О женском начале

Дева, он не ценил ни одно существо пола женского и некогда сказал: «Муж зачинается небесным, а дева - земным; небеса и горнее пламенеют в жилах мужа, ибо горнее - отец его; дева исполнена мирского, и дольнее есть тленный ее родитель». Сказывал он также, что все девы мира не стоят и капли славной его крови. И помимо сего глаголал он: "Я сам себе старец и младенец, муж и жена, огнь и лед, добро и зло, свет и тьма, святой и грешник, Бог и сатана"; такожде изрекал: «Большего насмешника, нежель я, над любовию Эрот не зрел никогда и вовек не узрит».

Ибо поистине: герой и дева – полюса два, извечно враждующих. От дев все беды. На пагубу героям созданы они, для обуздания героя их силы вышние родили: сперва Пандора лживая, Немесида затем, мести богиня, после Елена-дева, из-за красы коей кровь лилася героев великих и падали царства во прах; се лишь известные наиболее.
 
Дева всегда змея, змея же рождена от земли и тесно с нею связана. Дева – актриса; более того: сама сущность девы – и та - актриса. Дева – словно Ехидна, гибелью чреватая: и та, и та заманивает мужа в страшные свои сети, но не токмо муж желает деву, но и дева мужа, ибо чада Прометея рассечены молнией Кронида навеки пополам; с тех пор половинки стремятся друг к другу силою то любви, то похоти.

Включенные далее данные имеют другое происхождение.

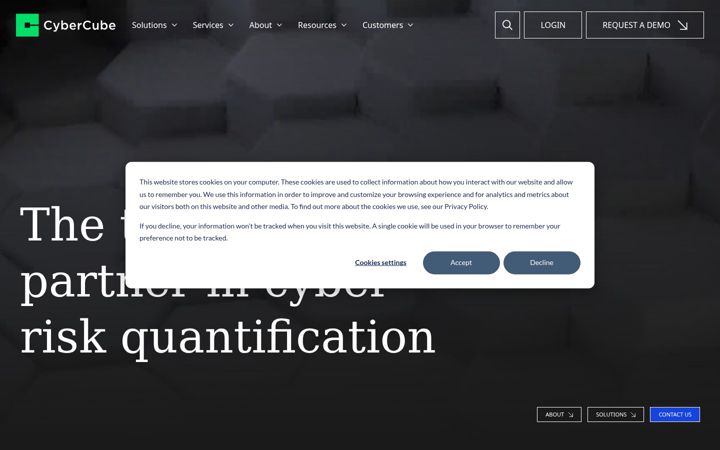 Screenshot of cybcube.com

И матриархат ныне расправил крылия и царствует, яко древле.
Краса, быть может, горы двигать (как и воля святая) способна, она - сила, но, неполноценная, должна она быть направлена в русло достодолжное, а сего не происходило во времена последние, когда всё местами поменялось: не краса к Духу склонялася в женственном своем смирении, ей приличном и способном, как ранее, но Дух к красе жертвенно стал склоняться.

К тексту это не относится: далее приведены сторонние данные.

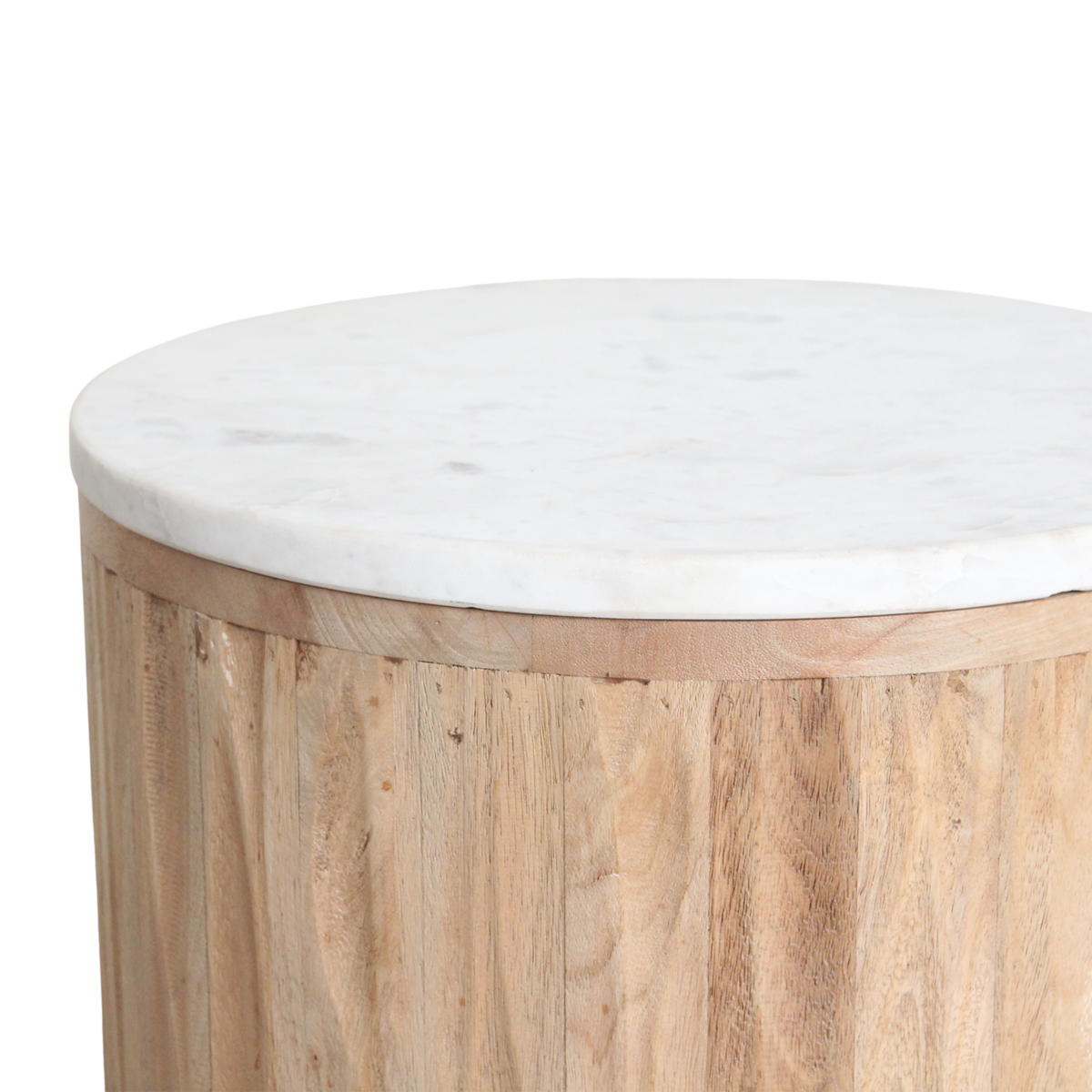 Bijzettafel marmer en hout wit rond Malakka met detail van het blad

И изреку я словеса, истины исполненные: в том, в том одна из причин того, что рушится мир и в тартар низвергается.

М.Раузер. Последний Кризис

За критской Реей пришла Деметра, греческая Mater dolorosa; за Деметрой — Дева-Богоматерь

В.Дюрант

Крит поражает явно-явленным и бурно-расцветшим своим матриархатом, выказывающим себя поверх обычаев, нравов, приличий и пр. также и в теме Великой Матери и консорта ее: она — лев, львица, вообще хищник, а консорт — умирающий и воскресающий — бык: бык терзаемый. Минойский матриархат, бесконечно далекий от духа, в основе своей и в своей же сущности имеет фундаментом критскую религию.
Критская религия в поэме выступает как ложное и неподлинное (как почти любая иная). Она – господство женского, не девий, но именно женский логос, логос Реи-Кибелы, логос Великой Матери, свирепой и необузданной, всецарящей и не имеющей равновеликого ей супруга, не нуждающейся в нём, рождающей бессеменно, из себя самой. Подобно Ариману Великая Матерь — сердце плоти, олицетворение всего хтонического. Критская религия в этом не уникальна, являясь частью древних восточных религий, общим для которых выступает: политеизм, культ плодородия, Великая Матерь, супруга верховного бога (Зевса – родившегося на Крите – у греков, Баала – у ханаанеян, неизвестного именем минойского верховного бога – у минойцев), то погибающего, то воскресающего и в миги совокуплений предстающего быком. Минойский Минотавр также есть типически восточное антропоморфное хтоническое существо (так, угаритские тексты повествуют о ханаанейском полубыке-получеловеке). Однако толикое господство матриархата в социальных отношениях, в общественной жизни и культуре в уже историческое время есть всё же уникальная минойская черта: хотя Всеобщая Матерь как почитаемая богиня дожила и до времен эллинизма, ее всецелое верховенство относится ко временам неизмеримо более седым — к палеолиту, откуда родом древнейшие антропоморфные статуэтки: «палеолитические Венеры».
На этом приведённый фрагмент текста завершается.